CS 579 Spring 2005: Assignment 3

CS579 Machine Learning: Assignment #3.

Due: at the beginning of the lecture on Tuesday, March 8.

Problem 1 In this problem, you will use the WEKA system to analyze two data sets. You will apply three learning algorithms to each data set and compare their performance.

Learning Algorithms. We will compare LMS, Naive Bayes Simple, and 1R classifier.
Data Sets. We will apply these three algorithms to the data sets
1. contact-lenses.arff (from data directory in weka), and
2. http://www.cs.nmsu.edu/~ipivkina/cs579/Homework/hepatitis.arff (taken from UCI Repository).
Instructions on using Weka.
These instructions will describe how to apply the learning algorithms to a data set. Please refer to WEKA Explorer user guide for more information.
When you start up Weka, click on the Explorer button in the WEKA GUI Chooser. This opens a large panel with several tabs, and the Preprocess tab will already be selected.
Click on "Open file...", and then select the data file you want to use (an .arff file). The Explorer window should now show number of instances, number of attributes, a list of attributes. Click on different attributes from the list on the left and see the corresponding table and the bar plot on the right-hand side of the window. You need to understand what they mean.
Now click on the "Classify" tab of the Explorer window and examine the "Test options" panel. For this assignment we will use two test options: use training set and percentage split.
Now we need to select the learning algorithm to apply. Go to the "Classifier" panel (near the top) which initially shows two buttons: "Choose" and "ZeroR". (ZeroR is a very simple rule-learning algorithm.) The general idea of this user interface is that if you click on "Choose" you can choose a different algorithm. If you click on "ZeroR" (or whatever algorithm name is displayed there), you can set the parameters for the algorithm.
Click on "Choose", and you will see a hierarchical display whose top level is "weka", whose second level is "classifiers", and whose third level contains seven general kinds of classifiers: "bayes", "functions", "lazy", "meta", "misc", "trees", "rules". To choose NaiveBayesSimple, click on the "bayes" indicator and then select "NaiveBayesSimple". To select 1R, choose "rules" and then "OneR". The process for selecting LMS is a bit more complex. First, choose "meta" and then "ClassificationViaRegression". This is a "meta-level" classifier that converts a classification problem into a regression problem. Now we must tell it which regression algorithm to employ. Click on "ClassificationViaRegression" and you will see two entries "classifier" and "debug". The "classifier" entry has two buttons: "Choose" and "M5P -M 4.0". This is where the regression algorithm is chosen. Select "Choose", then "functions", then "LinearRegression". Back at the "classifier" entry, now click on "LinearRegression", and you will see a GenericObjectEditor with four options. For "attributeSelectionMethod" select "No attribute selection". For "eliminateColinearAttributes" select "False". Now click "OK" twice, and we are ready to run the classifier.
Now we are ready to run the algorithm. Click on the "Start" button, and the Classifier Output window will show the output from the classifier. For Naive Bayes, this output consists of several sections:
- Run Information: Details of the data set
- Classifier model: The learned model. For naive bayes, each Num attribute is modeled by its own gaussian distribution. The output shows the mean and standard deviation of that gaussian along with the probabilities of the two classes.
- Evaluation on test set: This gives various statistics. The key item is the second one: Incorrectly Classified Instances will be expressed as a count and a percentage. You should report the percentages in your answer. One other item of interest comes at the very end: The Confusion Matrix. This shows how many false positive and false negative errors were made.
Results.
- For contact-lenses.arff data set for each of the three algorithms submit classifier models which were learned with (full) training set as a test option. Make sure that you know how they were obtained and what they mean.
- For both data sets, submit error rates of each of the three algorithms obtained with "training set" and "percentage split" as test options. (6 numbers for each data set).
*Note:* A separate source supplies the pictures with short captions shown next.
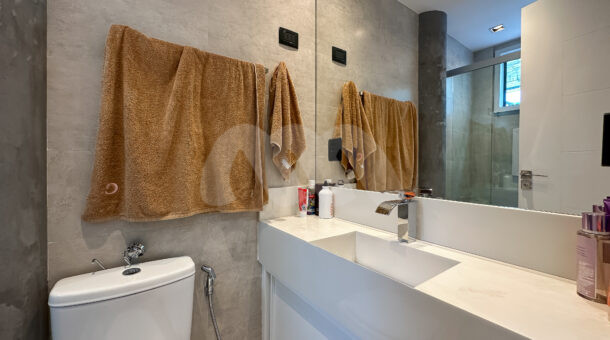 Imagem de banheiro com bancada de porcelanato da casa triplex à venda no condomínio Art Life, no Recreio dos Bandeirantes.
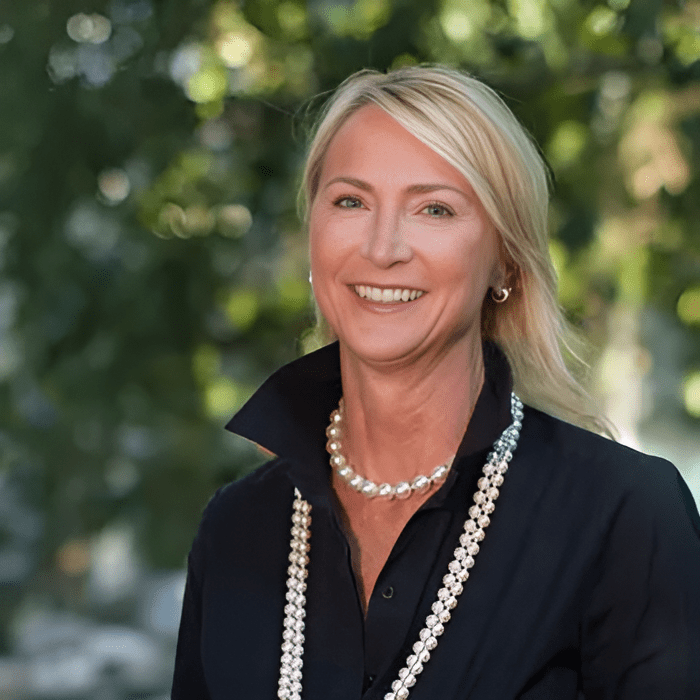 Smiling woman outdoors with blurred background.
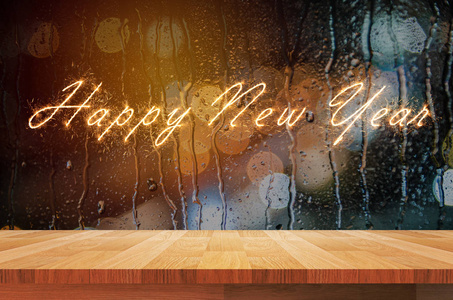 文本愉快的新年在褐色木架子和水下落在 glas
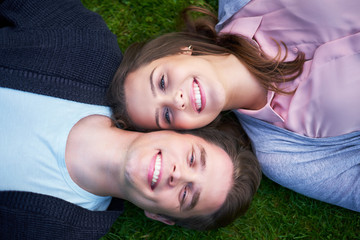 Poster - Young couple strolling in the park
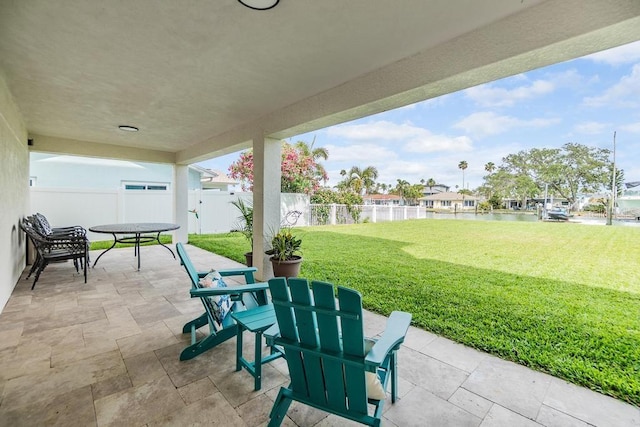 view of patio with a water view and a fenced backyard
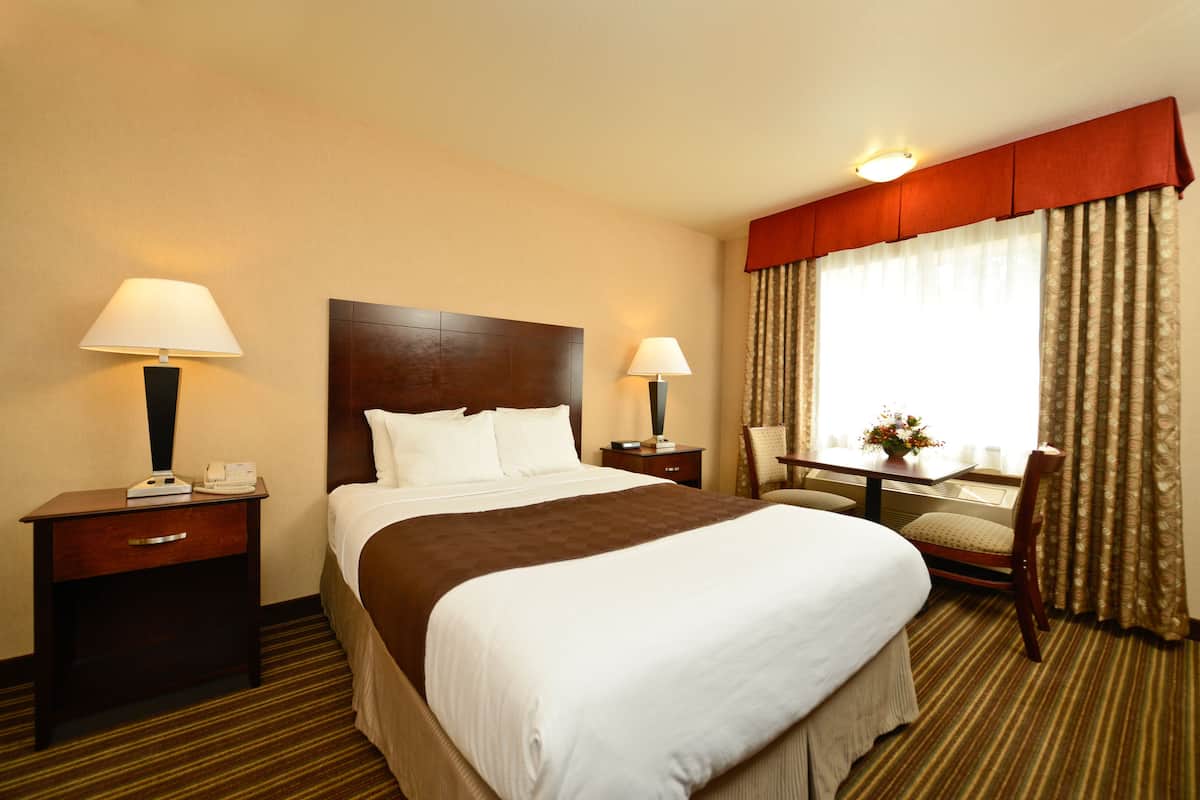 A hotel room with a large bed, two bedside tables with lamps, a chair, and a window with curtains.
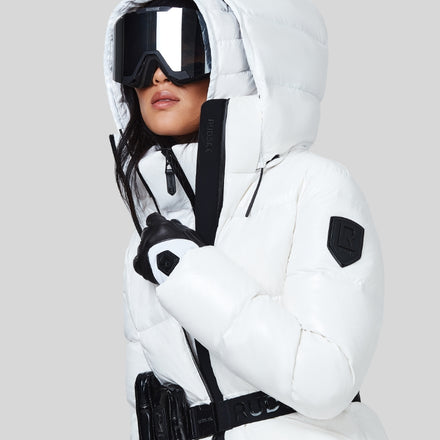 A person wearing a white puffer jacket with a hood, large black ski goggles, and black gloves, set against a plain light gray background.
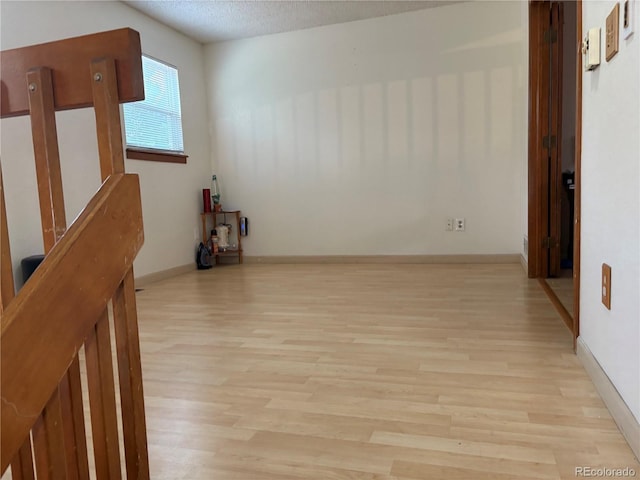 14963 E Adriatic Pl, Aurora, CO 80014 - unfurnished room featuring wood finished floors and a textured ceiling
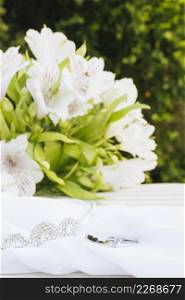 two wedding rings crown scarf with beautiful flower bouquet table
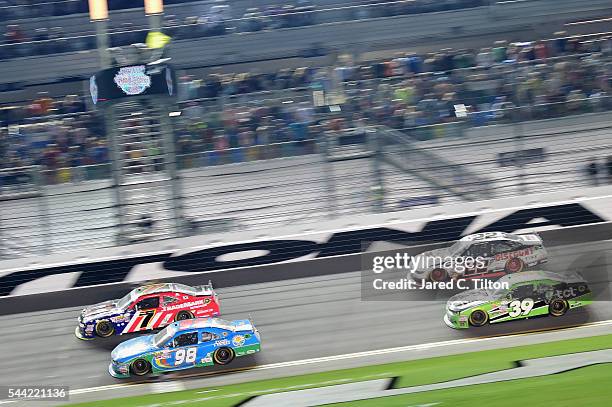 Aric Almirola, driver of the Fresh From Florida Ford, leads Justin Allgaier, driver of the TradeMark Nitrogen Chevrolet, and the rest of the field to...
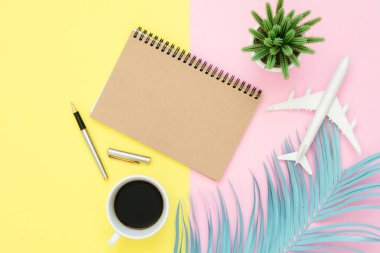 Seyahat etmek yaz kavramı - üstten görünüm mockup boş kağıt defter, kalem, pastel yaprak, kahve ve pembe sarı pastel renkli ekran uçakta, düz yatıyordu tasarımı. Yaz aylarında pastel renk arka plan üzerinde seyahat.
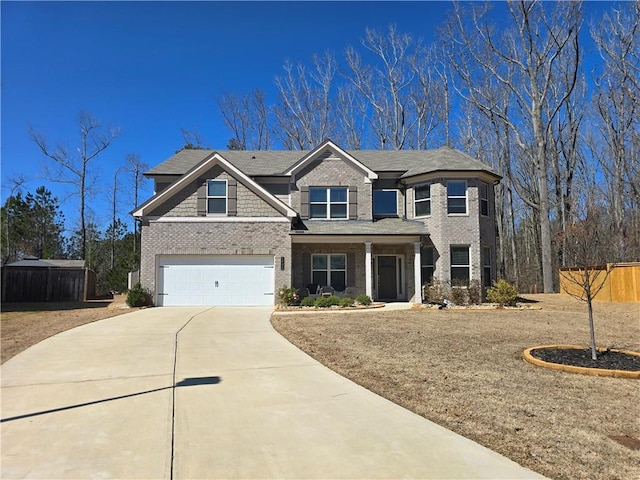 view of front facade featuring brick siding, concrete driveway, a garage, and fence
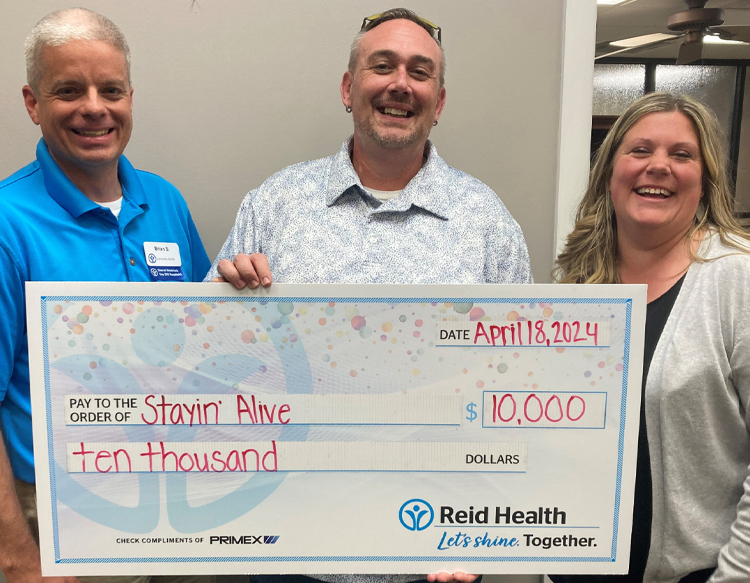 Reid Health Community Benefit presenting a check to Stayin' Alive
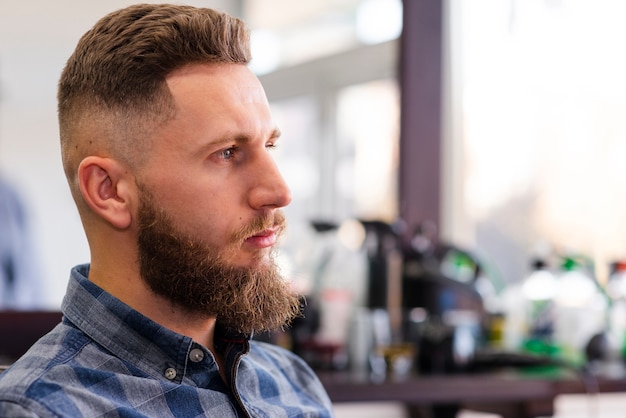 Kostenloses Foto seitenansichtmann, der auf einen haarschnitt wartet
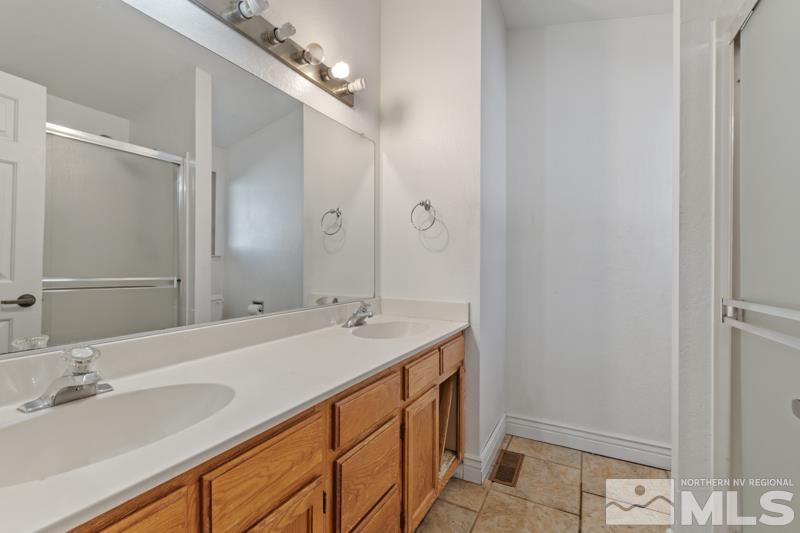 1020 Big Springs Road Reno, NV 89523 - Photo 10 of 17 a bathroom with a sink and a mirror
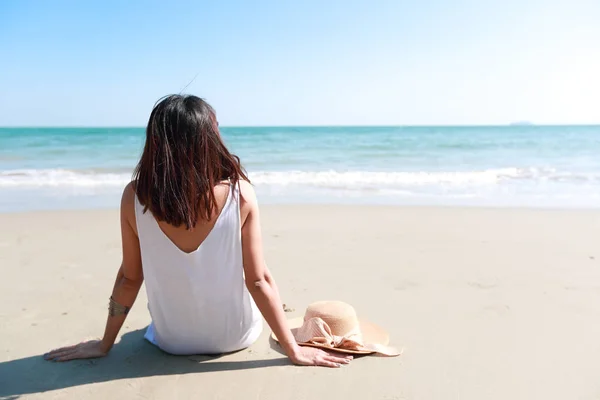 Вид сзади Портрет сексуальной азиатской молодой девушки в бикини и шляпе, глядя на тропический пляж, сидя на песчаном пляже в природе с голубым небом . — стоковое фото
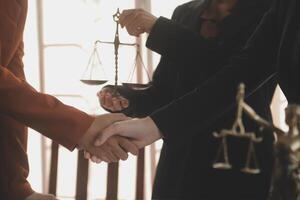 Lawyer shaking hands with a client making about documents, contracts, agreements, cooperation agreements with a female client at the lawyer's desk and a hammer at the table. photo
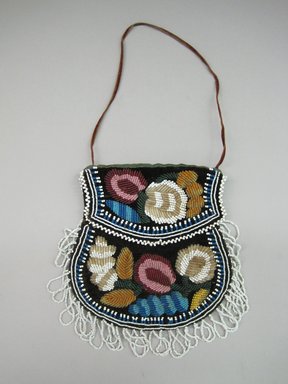 Iroquois. <em>Beaded Bag</em>, ca. 1880. Cloth, beads, silk, velvet, Including fringe but excluding strap: 8 1/2 × 1/2 × 7 1/4 in. (21.6 × 1.3 × 18.4 cm). Brooklyn Museum, Gift of the Edward J. Guarino Collection in honor of Kathleen Guarino-Burns, 2016.11.11. Creative Commons-BY (Photo: Brooklyn Museum, CUR.TL2016.18.11_view1.jpg)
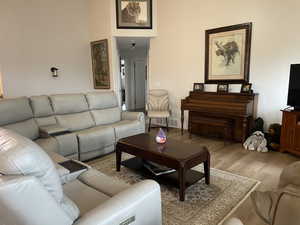 Living area featuring visible vents and wood finished floors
Problem 2 Exercise 4 from section 9.8 of the book (p.195)

Problem 3 To reduce the cost of nearest neighbor algorithm a data structure called kd-tree may be used. A kd-tree is similar to a decision tree, except that we split using the median value along the dimension having the highest variance, and points are stored in every internal node (the leaves are empty). The following figure shows an example of kd-tree and how it splits the x,y plane.

Propose an algorithm for finding the nearest neighbor of a point given a kd-tree.